▶ HOW TO COMPLETE THIS TASK
In your copy of the data, keep every word exact and include no pictures.

■ ■ ■ ■

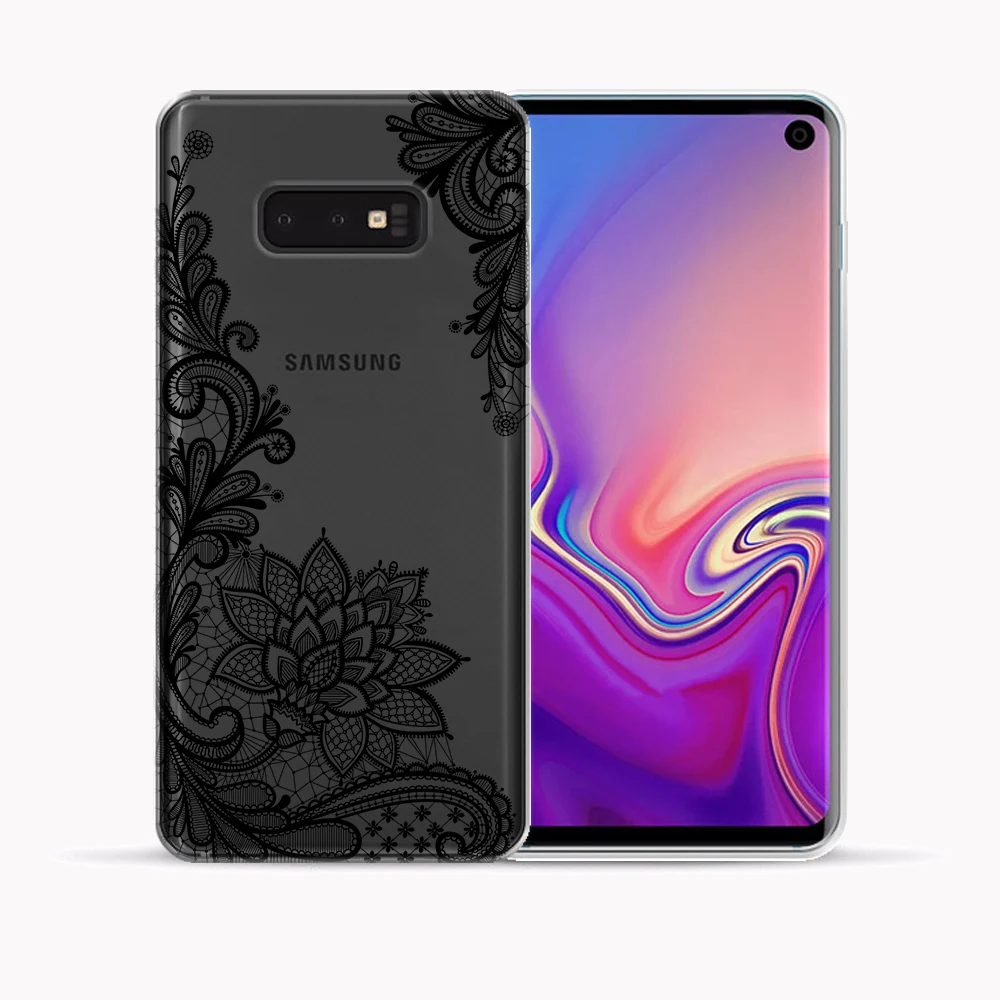 Мягкий ТПУ чехол для Samsung Galaxy S10 Plus E с цветочным узором A10 A30 A50 M10 M20 M30 силиконовая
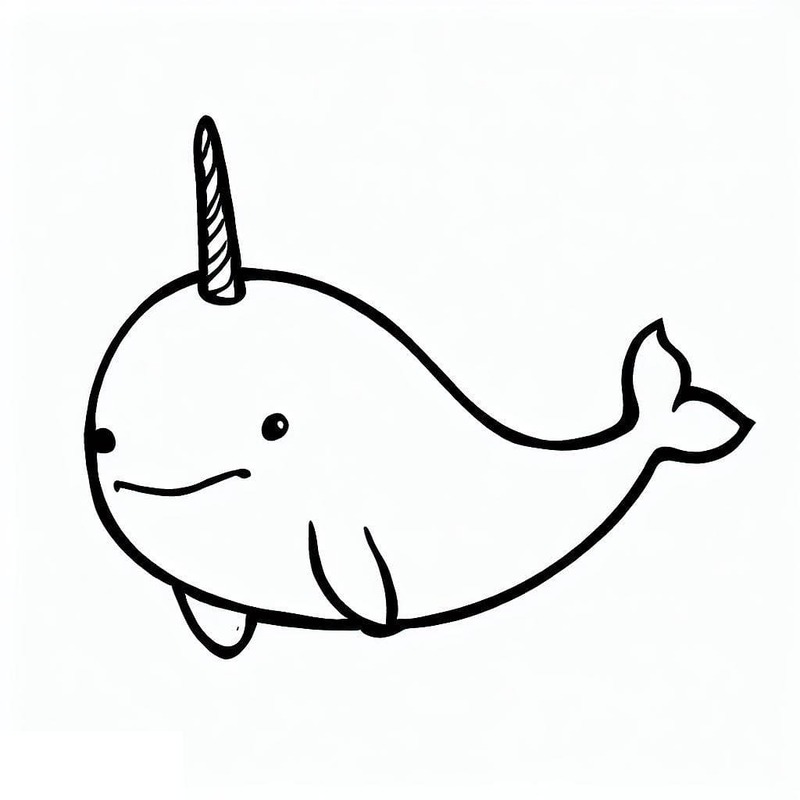 Dibujos de Imagen Narval imprimible gratis para colorear
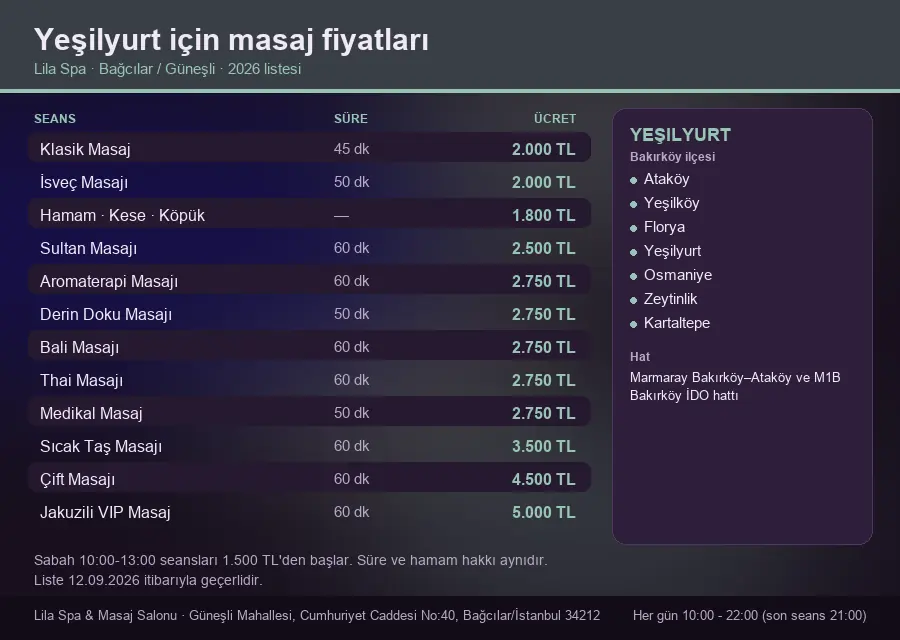 Yeşilyurt sayfası için Lila Spa masaj fiyat tablosu: seans, süre ve ücret listesi
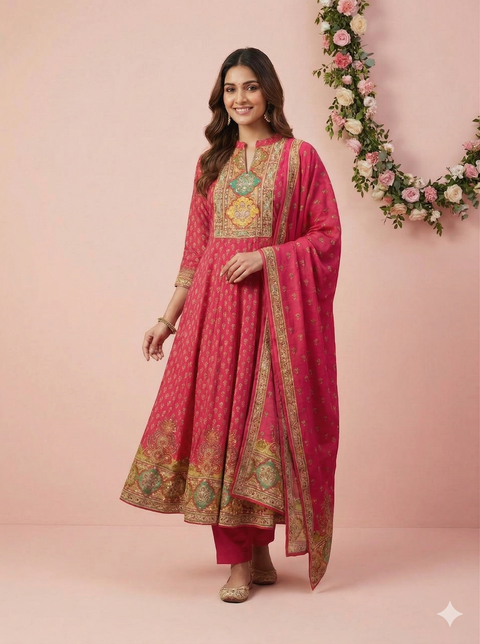 Pink Crepe Anarkali Set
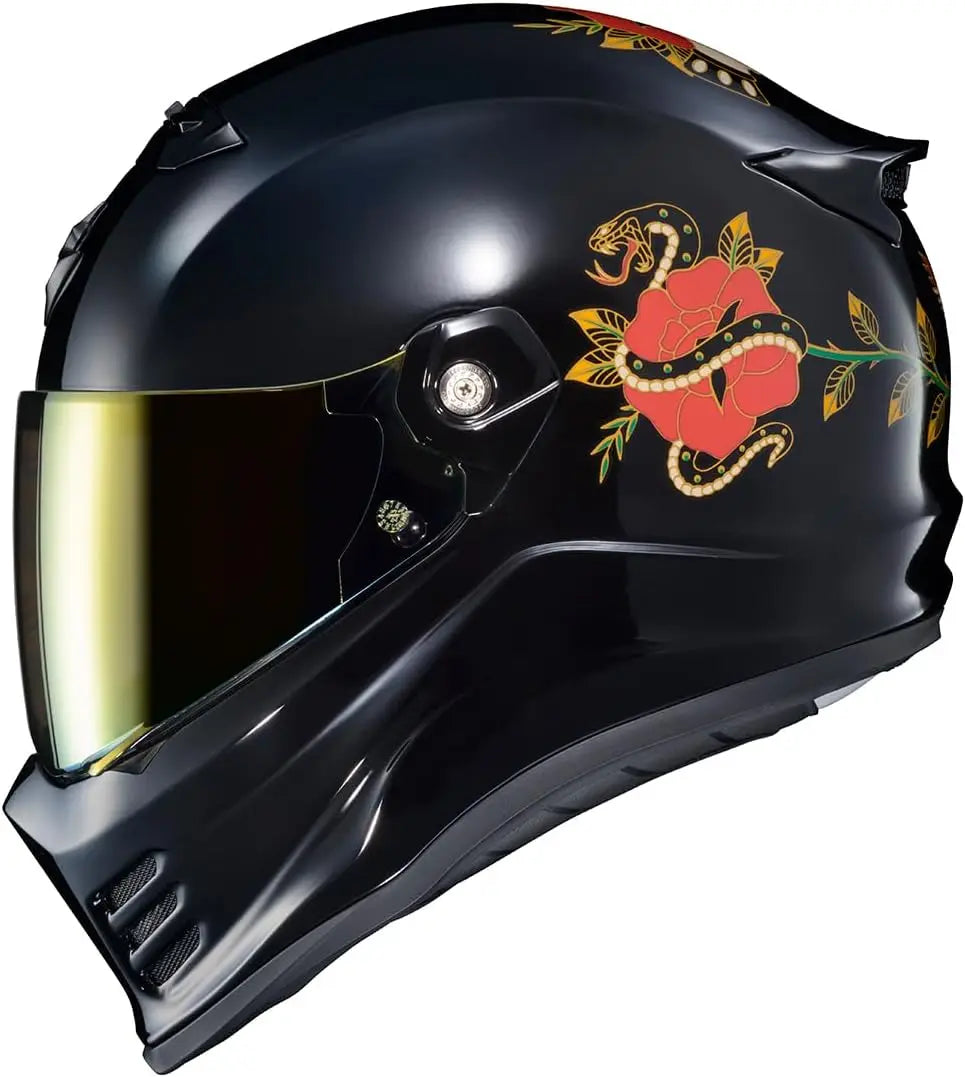 Covert FX Full Face Adult Motorcycle Helmet Street Fighter Style-Bluetooth Ready Speaker Pockets DOT ECE The Litas (Gloss Black-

■ ■ ■ ■

▶ ANSWER SECTION
 Мягкий ТПУ чехол для Samsung Galaxy S10 Plus E с цветочным узором A10 A30 A50 M10 M20 M30 силиконовая
 Dibujos de Imagen Narval imprimible gratis para colorear
 Yeşilyurt sayfası için Lila Spa masaj fiyat tablosu: seans, süre ve ücret listesi
 Pink Crepe Anarkali Set
 Covert FX Full Face Adult Motorcycle Helmet Street Fighter Style-Bluetooth Ready Speaker Pockets DOT ECE The Litas (Gloss Black-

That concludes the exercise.